■ Directions: Where a line of the data holds the word "Acrylic", copy that line.

■ Dataset excerpts:
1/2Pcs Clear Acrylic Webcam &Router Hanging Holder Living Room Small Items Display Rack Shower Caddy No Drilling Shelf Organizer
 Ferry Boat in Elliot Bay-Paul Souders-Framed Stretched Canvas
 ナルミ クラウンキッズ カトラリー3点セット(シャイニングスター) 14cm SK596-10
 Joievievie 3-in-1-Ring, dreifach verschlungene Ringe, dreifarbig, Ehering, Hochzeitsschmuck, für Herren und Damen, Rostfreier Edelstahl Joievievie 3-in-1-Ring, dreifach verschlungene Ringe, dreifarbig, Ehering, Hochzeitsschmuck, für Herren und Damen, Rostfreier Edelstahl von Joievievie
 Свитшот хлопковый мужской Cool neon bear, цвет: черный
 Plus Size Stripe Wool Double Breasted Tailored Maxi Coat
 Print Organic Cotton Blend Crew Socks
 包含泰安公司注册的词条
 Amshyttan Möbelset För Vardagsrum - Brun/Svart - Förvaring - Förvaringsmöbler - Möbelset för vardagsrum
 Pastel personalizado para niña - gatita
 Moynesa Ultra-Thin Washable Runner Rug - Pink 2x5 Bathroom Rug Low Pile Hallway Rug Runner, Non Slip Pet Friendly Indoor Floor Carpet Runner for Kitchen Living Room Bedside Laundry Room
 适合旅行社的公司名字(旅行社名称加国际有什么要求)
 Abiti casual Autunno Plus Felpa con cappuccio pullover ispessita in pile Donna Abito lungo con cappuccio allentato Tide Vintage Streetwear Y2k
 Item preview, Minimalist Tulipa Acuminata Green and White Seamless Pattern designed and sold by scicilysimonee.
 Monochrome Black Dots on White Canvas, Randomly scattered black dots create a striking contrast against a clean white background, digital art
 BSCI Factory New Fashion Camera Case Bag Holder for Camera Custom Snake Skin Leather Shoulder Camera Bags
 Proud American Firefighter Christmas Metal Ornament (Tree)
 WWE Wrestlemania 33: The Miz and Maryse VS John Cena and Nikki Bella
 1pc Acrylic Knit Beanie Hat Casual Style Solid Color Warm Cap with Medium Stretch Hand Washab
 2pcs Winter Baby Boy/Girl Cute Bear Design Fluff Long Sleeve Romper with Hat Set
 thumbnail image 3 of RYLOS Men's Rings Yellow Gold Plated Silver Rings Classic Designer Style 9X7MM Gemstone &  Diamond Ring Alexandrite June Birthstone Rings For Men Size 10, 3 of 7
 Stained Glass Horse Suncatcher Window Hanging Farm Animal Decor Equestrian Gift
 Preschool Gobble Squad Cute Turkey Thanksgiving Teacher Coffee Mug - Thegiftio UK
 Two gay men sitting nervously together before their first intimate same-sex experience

■ Response to the exercise:
1/2Pcs Clear Acrylic Webcam &Router Hanging Holder Living Room Small Items Display Rack Shower Caddy No Drilling Shelf Organizer
 1pc Acrylic Knit Beanie Hat Casual Style Solid Color Warm Cap with Medium Stretch Hand Washab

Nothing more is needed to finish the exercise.